The verbs of motion form an anomalous subclass within the Russian aspectual system. Whereas the typical Russian verb is usually described in terms of perfective/imperfective pairings, the verbs of motion revolve around a pairing of two imperfective forms, here termed the determinate and indeterminate. Furthermore, when prefixed, determinate verb stems pattern as perfective verbs, while indeterminate stems can be both perfective and imperfective. The exact nature of the relationship between the verbs of motion and the aspectual system seen in other verbs is still an open issue, though there is very little in the system of motion verbs not also seen in non-motion verbs.

The typical non-motion verb in Russian centers around an imperfective prototype, the most basic form from which other forms are ultimately derived (e.g., читатьI 'read', писатьI 'write', прыгатьI 'jump')1. These can derive three broad types of perfective forms, usually be prefixation or suffixation: the natural pair that has nearly identical meaning (прочитатьP 'read', написатьP 'write', прыгнутьP 'jump'), the Aktionsart pairs that express some sort of inherently perfective lexical aspect (почитатьP 'read for a bit', пописатьP 'write for a bit', допрыгатьсяP 'get into a mess'), and the regular prefixed perfectives that have a new meaning and are capable of further derivation (дочитатьP 'read up to', подписатьP 'sign', спрыгнутьP 'jump off') (Timberlake 2004; he calls the last two categories “quantizing” and “qualitative” respectively). This last group can in turn form secondary imperfectives by suffixation (дочитыватьI 'read up to', подписыватьI 'sign', спрыгиватьI 'jump off'). The schematic below shows the structure of derivations from a single prototype.

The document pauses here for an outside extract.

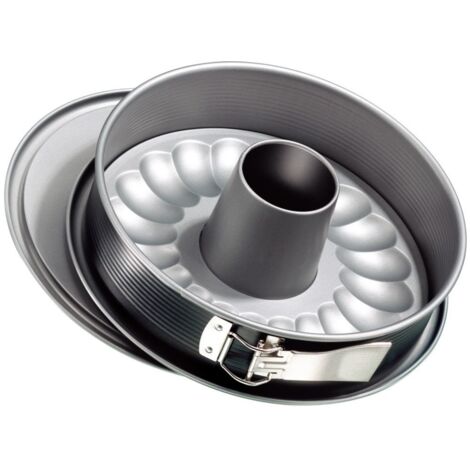 Zenker Springform Backform Energy  mit Flach- und Rohrboden, Ø 28 cm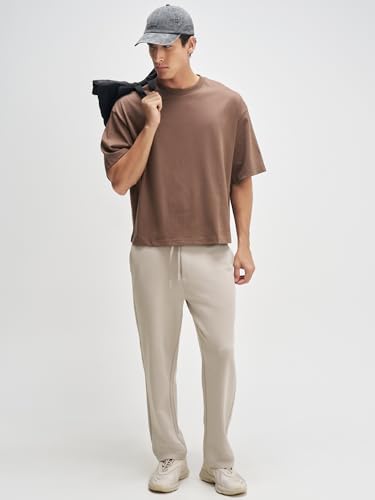 Image of XYXX Men's Solid Combed Cotton Trackpant | Mens Trackpant | Drawstring | Solid-Relaxed Fit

Derivation diagram nonmotion

The motion verb in Russian has two prototypes, one indeterminate expressing manner of motion, iteration, or non-linear paths and one determinate expressing single linear motions (e.g., ходитьII 'walk, go', идтиID 'go'). These share a single natural pair (пойтиP 'go, set off'). Through prefixation, the determinate form derives perfectives marking direction of motion, which then in turn form secondary imperfectives using a form identical or related to the indeterminate stem (выйтиP 'exit', выходитьI 'exit') (Timberlake 2004). Separately, the indeterminate prototype may also derive Aktionsart pairs and regular prefixed perfectives (сходитьP 'go and come back', выходитьP 'nurse, care for'), the latter of which can then form regular secondary imperfectives (выхаживатьI 'nurse'). These relationships are diagrammed below.

Derivation diagram motion

These derivations do not appear to fit nicely into the standard model seen in non-motion verbs. In particular, there are three primary pairings in need of additional explanation: determinate/indeterminate, imperfective prefixed indeterminate/perfective prefixed indeterminate, and prefixed determinate/prefixed indeterminate.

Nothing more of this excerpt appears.